--- DATA SECTION ---
Start of Block

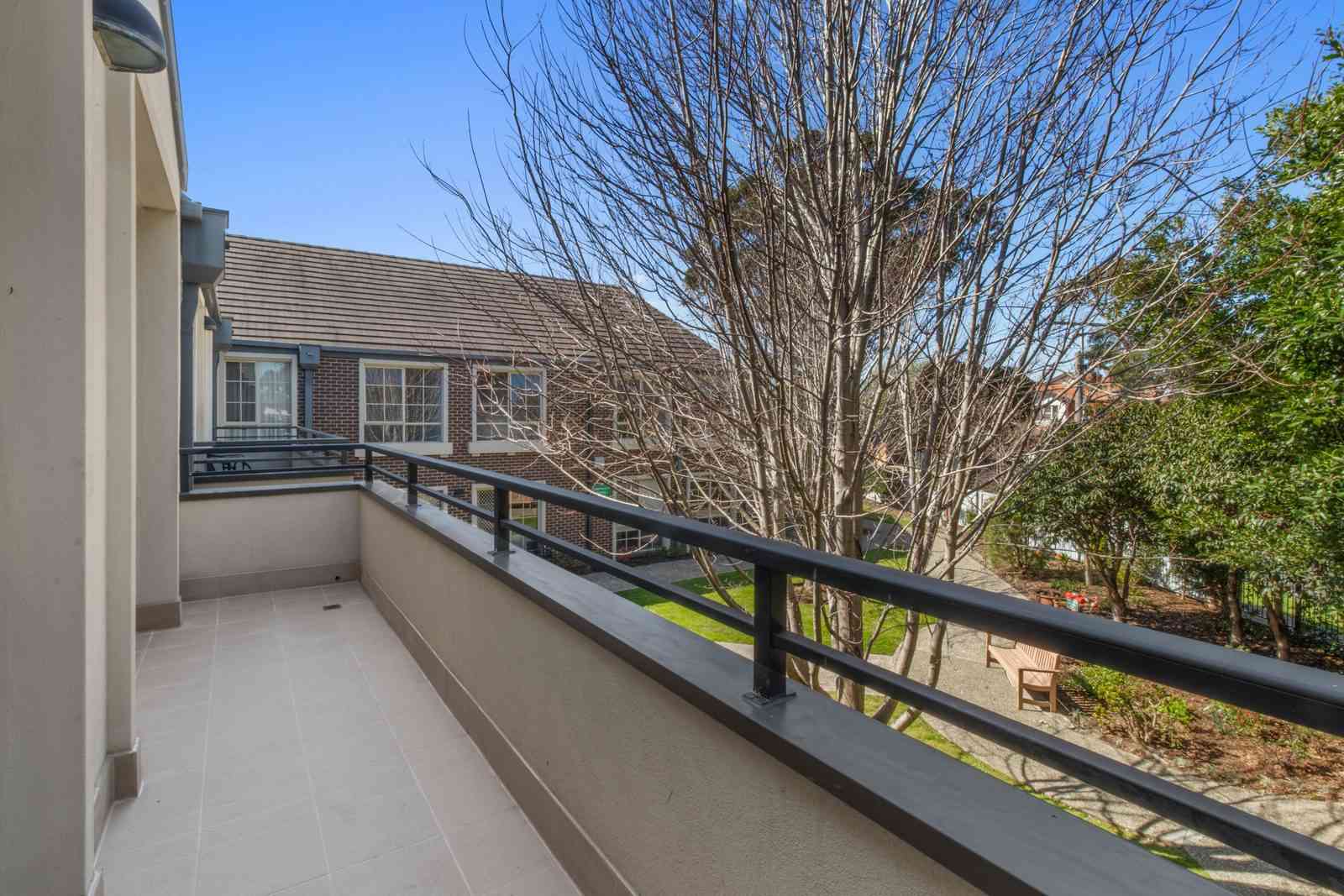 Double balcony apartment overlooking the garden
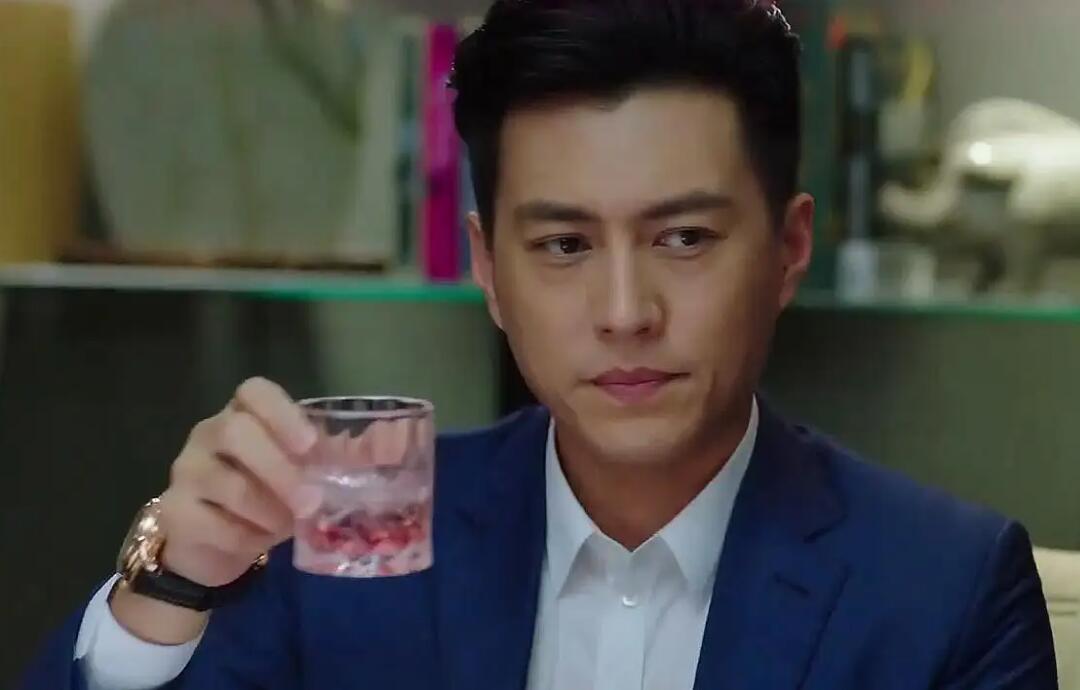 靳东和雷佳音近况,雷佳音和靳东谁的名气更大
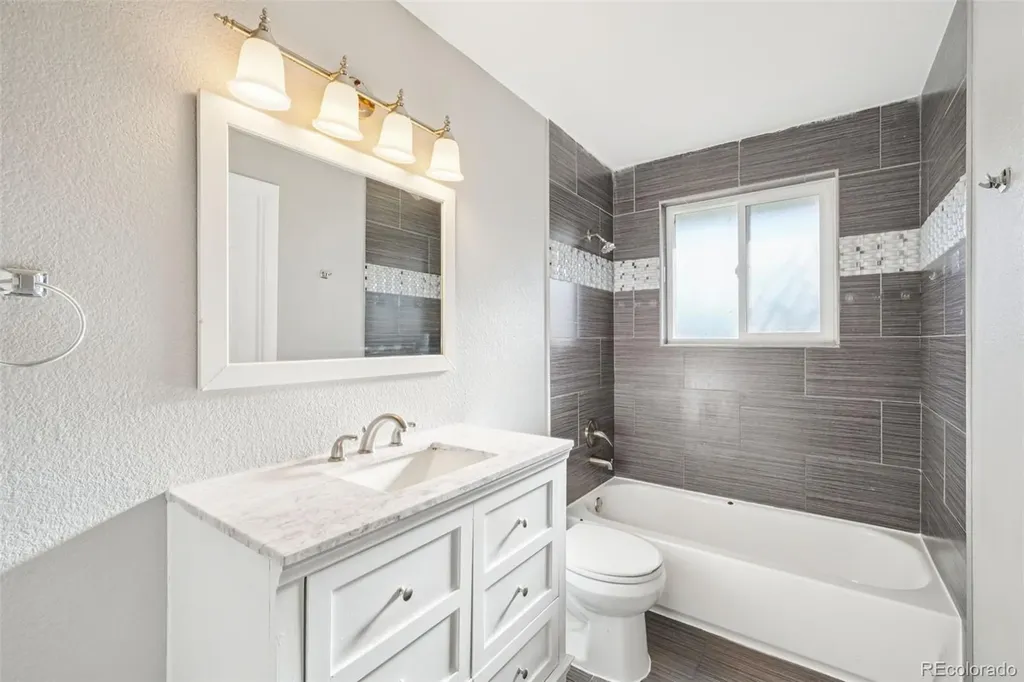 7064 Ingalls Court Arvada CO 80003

End of Block

--- EXERCISE INSTRUCTIONS ---
All of the material goes into the answer exactly as it stands, except for the pictures.

--- TASK OUTPUT ---
 Double balcony apartment overlooking the garden
 靳东和雷佳音近况,雷佳音和靳东谁的名气更大
 7064 Ingalls Court Arvada CO 80003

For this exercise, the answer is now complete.